Quello che alcuni media non vi diranno: il Garante per la privacy, diffida media, polizia ed operatori sanitari


Questa volta il Garante non bacchetta solamente la stampa, ma anche le forze di polizia e gli operatori sanitari.
Ciò è una novità, ma che ovviamente non è stata ripresa come notizia da buona parte della solita stampa dai soliti media, per ovvio conflitto di interessi.
Il Garante il 29 maggio 2013 scrive: “In riferimento al caso del tentato suicidio del minore a Roma, fortunatamente sopravvissuto al terribile gesto, il Garante per la privacy rivolge un appello ai media, alle forze di polizia e agli operatori sanitari affinché si astengano dal fornire informazioni e dal riportare dettagli eccessivi, raccolti anche on line, che possano rendere identificabile il ragazzo e ledere la sua riservatezza. Pur nel legittimo esercizio del diritto di cronaca, riguardo a fatti che destano allarme sociale e richiamano giustamente l'attenzione dell'opinione pubblica, è necessario tenere sempre presente che il libero sviluppo della personalità e la salvaguardia della dignità del minore devono considerarsi sempre come prioritari. La pubblicazione di dettagli eccessivi contrasta con i principi fissati dal Codice deontologico dei giornalisti e dalla normativa italiana e dalle Convenzioni internazionali che riconoscono al minore una tutela rafforzata.”

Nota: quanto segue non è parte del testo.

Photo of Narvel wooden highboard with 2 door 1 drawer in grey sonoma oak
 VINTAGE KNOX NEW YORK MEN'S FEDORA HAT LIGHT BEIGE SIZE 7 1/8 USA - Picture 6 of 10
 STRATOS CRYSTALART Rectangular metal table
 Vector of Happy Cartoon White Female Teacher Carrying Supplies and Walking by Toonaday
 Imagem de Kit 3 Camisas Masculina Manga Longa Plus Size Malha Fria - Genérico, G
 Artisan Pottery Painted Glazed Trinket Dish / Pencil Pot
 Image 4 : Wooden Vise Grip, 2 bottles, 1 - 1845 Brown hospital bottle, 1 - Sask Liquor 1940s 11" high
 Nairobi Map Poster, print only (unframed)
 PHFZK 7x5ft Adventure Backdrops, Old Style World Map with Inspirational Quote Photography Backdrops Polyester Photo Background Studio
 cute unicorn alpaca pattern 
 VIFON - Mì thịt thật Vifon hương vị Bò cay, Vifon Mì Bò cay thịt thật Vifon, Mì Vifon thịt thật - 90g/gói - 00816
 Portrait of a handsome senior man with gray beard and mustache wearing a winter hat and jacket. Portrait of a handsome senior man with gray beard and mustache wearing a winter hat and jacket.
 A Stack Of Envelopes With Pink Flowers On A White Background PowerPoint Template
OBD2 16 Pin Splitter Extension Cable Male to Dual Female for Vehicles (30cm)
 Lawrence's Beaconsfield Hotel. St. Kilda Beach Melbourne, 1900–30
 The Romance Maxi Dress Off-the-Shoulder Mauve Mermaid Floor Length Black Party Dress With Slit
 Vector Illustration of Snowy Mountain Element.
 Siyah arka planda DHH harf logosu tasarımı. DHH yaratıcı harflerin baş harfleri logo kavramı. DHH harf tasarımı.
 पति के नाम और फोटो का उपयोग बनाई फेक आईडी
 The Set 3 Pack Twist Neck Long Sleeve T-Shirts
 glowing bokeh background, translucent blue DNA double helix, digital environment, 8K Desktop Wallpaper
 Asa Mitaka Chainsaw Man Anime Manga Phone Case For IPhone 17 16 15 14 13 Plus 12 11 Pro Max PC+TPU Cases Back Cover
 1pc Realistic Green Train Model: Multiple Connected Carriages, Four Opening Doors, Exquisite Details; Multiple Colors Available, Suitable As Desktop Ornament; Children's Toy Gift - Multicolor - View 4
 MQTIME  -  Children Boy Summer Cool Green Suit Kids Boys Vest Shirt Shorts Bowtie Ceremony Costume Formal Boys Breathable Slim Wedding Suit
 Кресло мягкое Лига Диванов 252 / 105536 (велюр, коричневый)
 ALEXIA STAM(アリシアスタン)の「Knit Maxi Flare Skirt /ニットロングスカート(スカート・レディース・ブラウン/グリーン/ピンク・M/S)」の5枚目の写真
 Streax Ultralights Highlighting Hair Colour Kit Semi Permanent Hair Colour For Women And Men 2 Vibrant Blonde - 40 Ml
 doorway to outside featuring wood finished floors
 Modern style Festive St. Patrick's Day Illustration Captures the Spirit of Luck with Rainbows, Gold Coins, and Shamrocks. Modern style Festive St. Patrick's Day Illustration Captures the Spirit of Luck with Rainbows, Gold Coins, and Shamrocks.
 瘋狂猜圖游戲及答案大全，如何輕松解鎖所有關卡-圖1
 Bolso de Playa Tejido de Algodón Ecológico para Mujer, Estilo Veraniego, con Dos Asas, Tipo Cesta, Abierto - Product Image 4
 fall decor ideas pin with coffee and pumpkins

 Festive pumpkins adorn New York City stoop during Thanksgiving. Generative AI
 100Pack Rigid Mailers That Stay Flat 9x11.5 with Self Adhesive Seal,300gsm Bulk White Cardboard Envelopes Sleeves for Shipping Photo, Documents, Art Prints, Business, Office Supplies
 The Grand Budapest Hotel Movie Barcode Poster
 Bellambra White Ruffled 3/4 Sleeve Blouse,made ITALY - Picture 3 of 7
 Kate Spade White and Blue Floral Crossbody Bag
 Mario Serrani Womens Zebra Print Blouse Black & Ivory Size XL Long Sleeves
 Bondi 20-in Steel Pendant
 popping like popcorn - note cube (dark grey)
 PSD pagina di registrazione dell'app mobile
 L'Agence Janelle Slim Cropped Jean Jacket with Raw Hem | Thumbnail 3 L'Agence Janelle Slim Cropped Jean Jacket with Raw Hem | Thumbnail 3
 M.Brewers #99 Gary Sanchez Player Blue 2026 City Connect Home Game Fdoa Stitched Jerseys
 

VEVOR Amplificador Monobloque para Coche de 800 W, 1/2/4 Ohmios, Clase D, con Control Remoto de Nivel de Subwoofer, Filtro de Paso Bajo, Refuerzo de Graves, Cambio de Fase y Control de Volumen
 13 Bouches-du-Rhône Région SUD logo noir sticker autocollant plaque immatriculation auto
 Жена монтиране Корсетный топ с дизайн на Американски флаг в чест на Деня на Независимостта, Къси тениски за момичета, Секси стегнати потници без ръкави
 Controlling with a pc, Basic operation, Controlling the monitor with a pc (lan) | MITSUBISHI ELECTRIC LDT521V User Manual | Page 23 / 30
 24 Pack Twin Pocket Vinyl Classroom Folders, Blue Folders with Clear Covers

Ciò, salvo la novità del rimprovero sollevato verso le forze di polizia ed operatori sanitari, si pone in linea con altri comunicati.
Ottobre 2012: Il Garante per la protezione dei dati personali, di fronte al diffondersi in rete e nei media del video con le immagini del bambino prelevato a scuola dalle forze di polizia e di dati personali riguardanti anche la sua salute, pur se forniti dai familiari, richiama i media e i siti web al più rigoroso rispetto della riservatezza del minore e raccomanda loro di astenersi dal pubblicare e diffondere immagini del bambino e dettagli eccessivi che possano lederne la dignità.
Agosto 2012: Con riferimento alla vicenda della bambina deceduta in un tragico incidente su una spiaggia francese, il Garante per la protezione dei dati personali, anche su richiesta dei familiari della vittima, motivata in particolare dalla necessità di tutelare gli altri minori presenti nel nucleo familiare, invita gli organi di informazione al rispetto delle garanzie poste a tutela dei minori dal Codice deontologico dei giornalisti e dalla Carta di Treviso.
Luglio 2011: Il Garante per la protezione dei dati personali ha aperto un'istruttoria sulla vicenda delle due gemelline siamesi, dopo aver ricevuto la segnalazione dei genitori che hanno lamentato la diffusione da parte di organi di informazione dei nomi delle due piccole. L'Autorità, sottolineando con forza la necessità di aderire alla richiesta di riservatezza espressa dalla famiglia delle due bambine, raccomanda a tutti i media il rigoroso rispetto delle garanzie poste a tutela dei minori dal Codice deontologico dei giornalisti e dalla Carta di Treviso. Tali disposizioni prevedono espressamente che, ai fini di tutelare la loro personalità, i giornalisti non pubblichino i nomi dei minori coinvolti in fatti di cronaca e che il diritto del minore alla riservatezza deve sempre essere considerato come primario rispetto al diritto di cronaca. L'Autorità raccomanda inoltre ai media di astenersi dall'ulteriore pubblicazione di dati identificativi delle due bambine e dal riportare dettagli eccedenti che possono ledere la dignità delle due piccole, anche rimuovendoli dai siti on line.
Dicembre 2010: In riferimento al caso della giovane Yara Gambirasio, il Garante per la protezione dei dati personali invita i media, nell'esercitare il legittimo diritto di cronaca riguardo ad un fatto di sicuro interesse pubblico, a usare sempre la necessaria responsabilità e sensibilità e a rispettare la richiesta di riservatezza che proviene dalla famiglia e dalla comunità cittadina.
La vicenda di Yara, infatti, va purtroppo profilandosi come un fatto di cronaca particolarmente doloroso, le cui circostanze e implicazioni potrebbero ledere gravemente la dignità della minore, colpire la famiglia nei suoi affetti più intimi e provocare ulteriore dolore e lacerazione nella comunità nella quale Yara è cresciuta.
Il Garante chiede, dunque, ai media di evitare accanimenti informativi sul caso e di limitarsi a profili di stretta essenzialità, astenendosi dal riportare dettagli e particolari che rendano la ragazzina e la sua famiglia vittime di inutili morbosità.


Nonostante tutto si persevera ancora nella violazione di norme e principi che vengono raggirati per interessi mediatici.Deve essere solo la sanzione penale  e risarcitoria ad indurre verso il rispetto dell'etica? Della privacy?